Поэтому уникальными были еще и книги, которые могли так и не стать книгами. Идеальное произведение – то, что не оставляет следов, как можно заключить из Чжуан-цзы (настоящий учитель Базлена, если назвать хотя бы одного). Уникальные книги были подобны остатку, шеша, уччхиста, о котором непрестанно размышляли авторы «Брахманов» и которому «Атхарваведа» посвящает величественный гимн. Нет жертвоприношения без остатка – да и сам мир есть остаток. Поэтому нужно, чтобы книги существовали. Но нужно также помнить, что если бы жертвоприношение могло бы не оставлять остатка, книг бы никогда не было.
Уникальными были такие книги, в которых – в самых разных ситуациях, эпохах, обстоятельствах, самыми разными способами – разыгрывалась Большая игра в смысле Le Grand Jeu, давшая название журналу Домаля и Жильбер-Леконта. Для Базлена эти два неуемных подростка, в двадцать лет создавшие журнал, по сравнению с которым сюрреализм Бретона казался многословным, напыщенным и зачастую отсталым, предвосхищали новую, глубоко гипотетическую антропологию, к которой обращались уникальные книги. Антропологию, которая по-прежнему и даже больше, чем прежде, принадлежит возможному будущему. Когда несколько лет спустя прогремел 68-й год, у меня он вызвал в основном раздражение, как неуклюжая пародия. Если помнить о Le Grand Jeu, то это был скромный и заурядный способ взбунтоваться, как стало слишком очевидно в последующие годы.
Гора Аналог, которой Домаль посвятил свой незавершенный роман (опубликованный под номером 19 в Библиотеке вместе с очень насыщенным очерком Клаудио Ругафьори), была той осью – видимой и невидимой, – на которую держала курс флотилия уникальных книг. Но не стоит думать, что у этих книг всякий раз была какая-то эзотерическая подоплека. Для доказательства обратного было бы достаточно номера 2 Библиотеки – «Отца и сына» Эдмунда Госса – подробного, точного и душераздирающего рассказа об отношениях между отцом и сыном в викторианскую эпоху. История неизбежного непонимания между двумя одинокими существами, ребенком и взрослым, которые, в то же время, умеют относиться друг к другу с неукоснительным уважением. Фоном выступают геология и теология. Позднее Эдмунд Госс стал отличным литературным критиком. Однако в нем почти не осталось следов того существа, которое рассказывает о себе в «Отце и сыне», существа, с которым происходит «Отец и сын». Поэтому в «Отце и сыне» как мемуарном тексте есть что-то от уникальности романа «Другая сторона», который предшествовал ему в Библиотеке.

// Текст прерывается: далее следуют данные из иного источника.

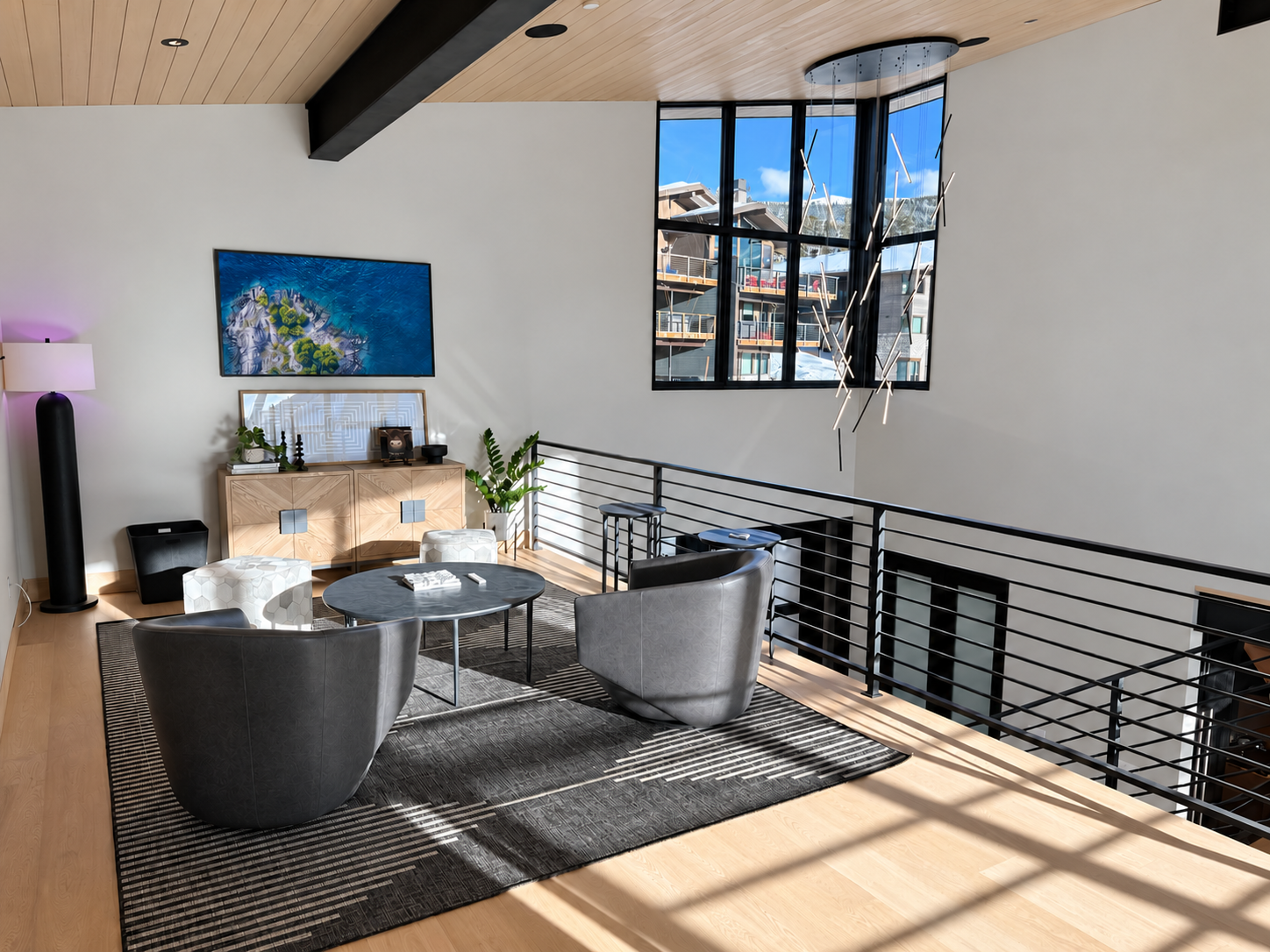 Another view of the loft seating area.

Среди этих книг, таких разных, что могло быть обязательным условием, которое нельзя было не распознать? Возможно, лишь «правильное звучание», еще одно выражение, которое Базлен иногда использовал в качестве окончательного аргумента. Никакой опыт сам по себе не был достаточен для того, чтобы создать книгу. Было множество примеров увлекательных и значимых событий, которые, однако, породили никчемные книги. Здесь тоже помогал один пример: во время последней войны многие пережили заточение, депортации, пытки. Но для понимания того, как можно переработать опыт полной изоляции и полного бездействия и превратить его в открытие чего-то другого, о чем можно рассказать просто и точно, нужно прочитать «Одиночное заключение» Кристофера Берни (номер 18 Библиотеки). Автор после этой книги вновь канул в безвестность. Возможно не потому, что он не собирался становиться автором произведения, а потому, что произведение (его единственная книга) воспользовалось им, чтобы появиться на свет.
Когда мы выбрали название для серии, нужно было продумать ее облик. Мы сразу договорились о том, чего мы хотели избежать: белого цвета и иллюстраторов. Белый – потому что этот цвет был сильной стороной графики Einaudi, самой красивой из тех, что тогда существовали, причем не только в Италии. Поэтому обязательно нужно было постараться максимально отличаться. Поэтому мы сделали ставку на матовые цвета и бумагу (на наш имитлин, который с тех пор нас сопровождает). Что до цветов, то тогда в итальянском издательском деле их было мало и они были, в основном, резкими. Можно было экспериментировать с широкой гаммой промежуточных оттенков.